Piemont cioccolato e Carlo Galfione: scegliere col cuore
PIEMONT CIOCCOLATO E CARLO GALFIONE: SCEGLIERE COL CUORE | ARTFOREXCELLENCE
Fare impresa e fare arte sono ‘scelte di cuore’.
Alessandro Fioraso di Piemont Cioccolato e Carlo Galfione, in questa intervista, ci raccontano il percorso che hanno seguito nelle rispettive imprese.
Art For Excellence: Chi è Piemont Cioccolato?
Alessandro Fioraso: La Piemont è una piccola azienda artigianale a tipica conduzione familiare, fortemente radicata sul territorio e legata alla tradizione cioccolatiera torinese. Infatti, sia il nostro nome, Piemont, sia il nostro logo, che è la Mole Antonelliana, simbolo di Torino, richiamano l’identità dei luoghi e il senso di appartenenza alla città, riconosciuta capitale del cioccolato. Durante i primi anni della nostra storia, il prodotto che ci ha caratterizzato maggiormente, che ha permesso di far conoscere il nostro nome a livello locale e di crescere come azienda, è stato il Cri Cri.
Il Cri-cri è un prodotto di nicchia della tradizione natalizia, non ci sono quindi dei consumi esorbitanti.
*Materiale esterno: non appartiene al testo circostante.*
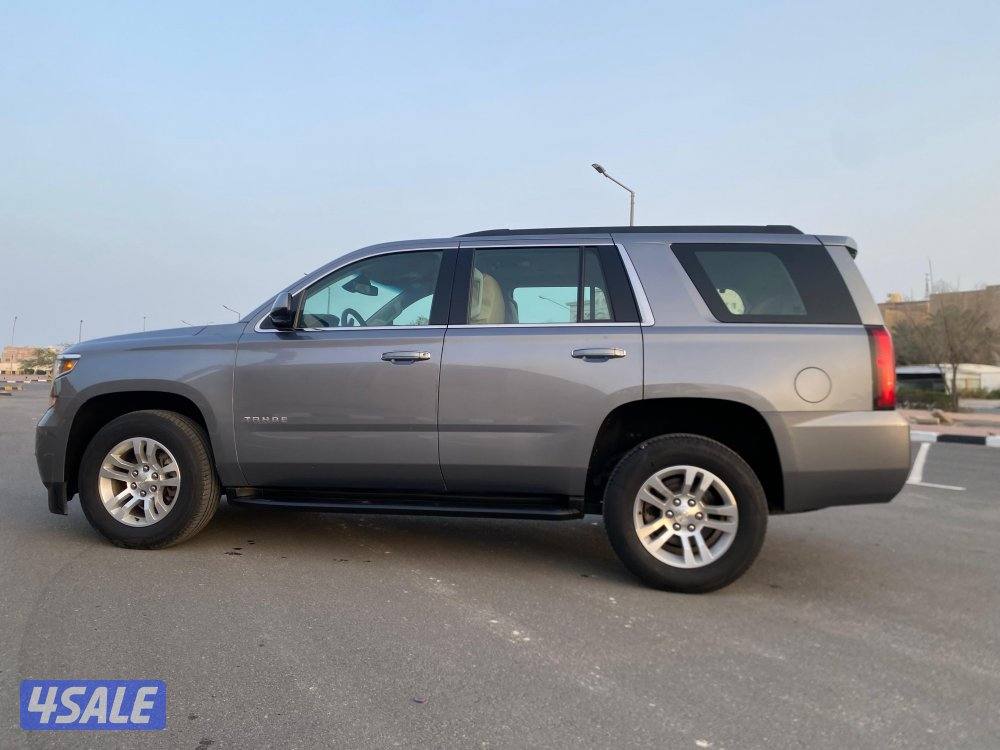 للبيع  تاهو.  also6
Sono per lo più concentrati in Piemonte e un po’ nel resto d’Italia. Solo adesso stiamo iniziando a varcare il confine, con qualche vendita in Inghilterra, negli Usa, ma per il momento sono nicchie di mercato, che magari avranno sviluppi futuri, però questo non possiamo darlo per certo.
AFE: Riesce a descrivere l’azienda con una parola?
AF: Un sostantivo unico è un po’ difficile: dovendo scegliere, direi volontà e coerenza. Abbiamo scelto di essere coerenti con noi stessi, con la nostra filosofia. Abbiamo voluto rimanere di piccole dimensioni perché ci sentiamo meglio in questa condizione, non c’è in noi l’idea di fare gli industriali, anche se l’opportunità c’è stata. Ci piace l’idea della famiglia, dell’azienda piccola che vuole fare sempre meglio.
AFE: C’è un episodio che fa capire come avete iniziato?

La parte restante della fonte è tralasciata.